Consider also this clip from the end of a wild game the Mets played that year in San Diego. New York's bullpen crumbled and allowed the Padres to score 4 runs in the bottom of the eighth to tie things up. The Mets proceeded to regain the lead in the top of the 11th, then almost coughed it up again before sealing the victory on a bizarre game-ending double play. McCarver does a great job of conveying the craziness. (SNY occasionally shows this game on Mets Classics.)
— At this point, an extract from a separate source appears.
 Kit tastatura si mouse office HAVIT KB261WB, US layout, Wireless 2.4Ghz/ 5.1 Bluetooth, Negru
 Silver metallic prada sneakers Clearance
Here's another example of McCarver on PBP duty from August 27, 1985. During this game, Doc Gooden struck out 16 Giants, and it is a wonder to behold—not just for Dr. K's wizardry, but for a glimpse of what the Shea Stadium experience was like during the height of his powers. We pick up the action in the top of the eighth, when Doc found a brief bit of trouble thanks to a pair of two-out singles. Despite some odd distractions, on field and off, McCarver negotiates the inning well. Apart from McCarver, you will also see/hear:
- An ad for some long-forgotten show called Bizarre
- Home-made signs and t-shirts, courtesy of the artisanal skills of the tri-state area's finest mooks
- A gray cat sprinting onto the field and ducking into the bullpen; contrasting it with the appearance of a black cat, McCarver surmises, "I guess it means your luck will continue to be mediocre"
- An on-screen update of Pete Rose's pursuit of the all-time hit record
None of this is to say that McCarver was not without his flaws even then. Look no further than this excerpt from another electric Doc Gooden start (May 10, 1985 vs. the Phillies). Doc strikes out the side in the inning and Shea once again has a carnival atmosphere, but McCarver seems more interested in relating the roles of Tenneseans at The Alamo than describing anything happening in the game. (Stick around past the last out to catch an old Budweiser ad.)
Not as sharp as Gary Cohen, granted, but still miles better than the crimes against broadcasting he'd eventually commit for FOX. My theory is, when relegated to a straight color commentator role, as he was on FOX, McCarver had no choice but to give full vent to ramblings like you hear in this last clip. This was clearly not his strong suit.
Tim McCarver is well past his expiration date as a broadcaster, but I hope people will remember that he was not always terrible at his job. In fact, he brought Mets fans watching from the comfort of their living rooms some of the greatest moments in franchise history. Surely when our time comes, we would all wish to be judged by our best work. And who's to say what sort of psychic damage is wrought from 10+ years of working beside Joe Buck?